7.6.Verweerder zal een nieuwe berekening van het terug te vorderen bedrag moeten maken over de periode van 1 oktober 2018 tot en met 18 november 2018. Hij dient naar aanleiding van de nieuwe berekening opnieuw te beslissen of de bijstand van eiser per 1 oktober 2018 tot en met 18 november 2018 dient te worden ingetrokken omdat eiser inkomsten heeft gehad boven de voor hem geldende bijstandsnorm of te worden herzien. Verweerder dient daarbij inzichtelijk te maken hoe het terugvorderingsbedrag is berekend.
Aangezien het gaat om een financiële uitwerking die de rechtbank niet zelf kan maken, zal verweerder worden opgedragen in zoverre opnieuw te beslissen op het bezwaar van eiser tegen het bestreden besluit 1.
Ten aanzien van de terugvordering van de teveel betaalde bijstand aan eiseres en de mede hoofdelijke aansprakelijkstelling van eiseres voor de terugvordering van teveel betaalde bijstand aan eiser (ROT 19/3661) en de terugvordering van teveel betaalde bijstand aan eiser (ROT 19/3683)
8. Tegen de mede hoofdelijk aansprakelijkstelling van eiseres voor de terugbetaling van de aan eiser teveel betaalde bijstand over de periode van 19 november 2018 tot en met 31 december 2018 van € 1.325,42, de terugvordering van € 1.325,42 van eiser en de terugvordering van € 1.325,42 van eiseres, zijn geen afzonderlijke beroepsgronden aangevoerd en behoeven daarom geen bespreking.

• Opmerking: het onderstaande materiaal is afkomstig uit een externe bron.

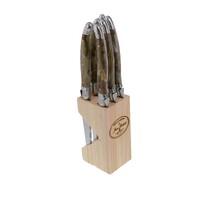 Jean Dubost Maison Dark Horn - 6Pc Steak Knife Set 1.2mm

9. Het beroep van eiseres tegen het bestreden besluit 2 is ongegrond.
Voor een veroordeling van de proceskosten van eiseres bestaat daarom geen aanleiding.
10. Het beroep van eiser tegen het bestreden besluit 1 is gegrond. De rechtbank vernietigt het bestreden besluit 1, voor zover daarbij de intrekking en terugvordering van de bijstand van eiser van 1 oktober 2018 tot en met 18 november 2018 is gehandhaafd. Verweerder zal daarom een nieuw besluit moeten nemen met inachtneming van deze uitspraak.
11. Omdat de rechtbank het beroep van eiser gegrond verklaart, bepaalt de rechtbank dat verweerder aan eiser het door hem betaalde griffierecht vergoedt.
12. De rechtbank veroordeelt verweerder in de door eiser gemaakte proceskosten.
Deze kosten stelt de rechtbank op grond van het Besluit proceskosten bestuursrecht voor de door een derde beroepsmatig verleende rechtsbijstand vast op € 1.024,- (1 punt voor het indienen van het beroepschrift en 1 punt voor het verschijnen ter zitting met een waarde per punt van € 512,- en wegingsfactor 1).
13. Dit betekent dat de besluiten tot intrekking van de bijstand van eiser en eiseres per 19 november 2018 in stand blijven. Eiser moet een bedrag van € 1.325,42 aan teveel ontvangen bijstand aan verweerder terugbetalen en eiseres is daar ook mede hoofdelijk aansprakelijk voor. Eiseres moet zelf ook een bedrag van € 1.325,42 aan teveel ontvangen bijstand aan verweerder terugbetalen.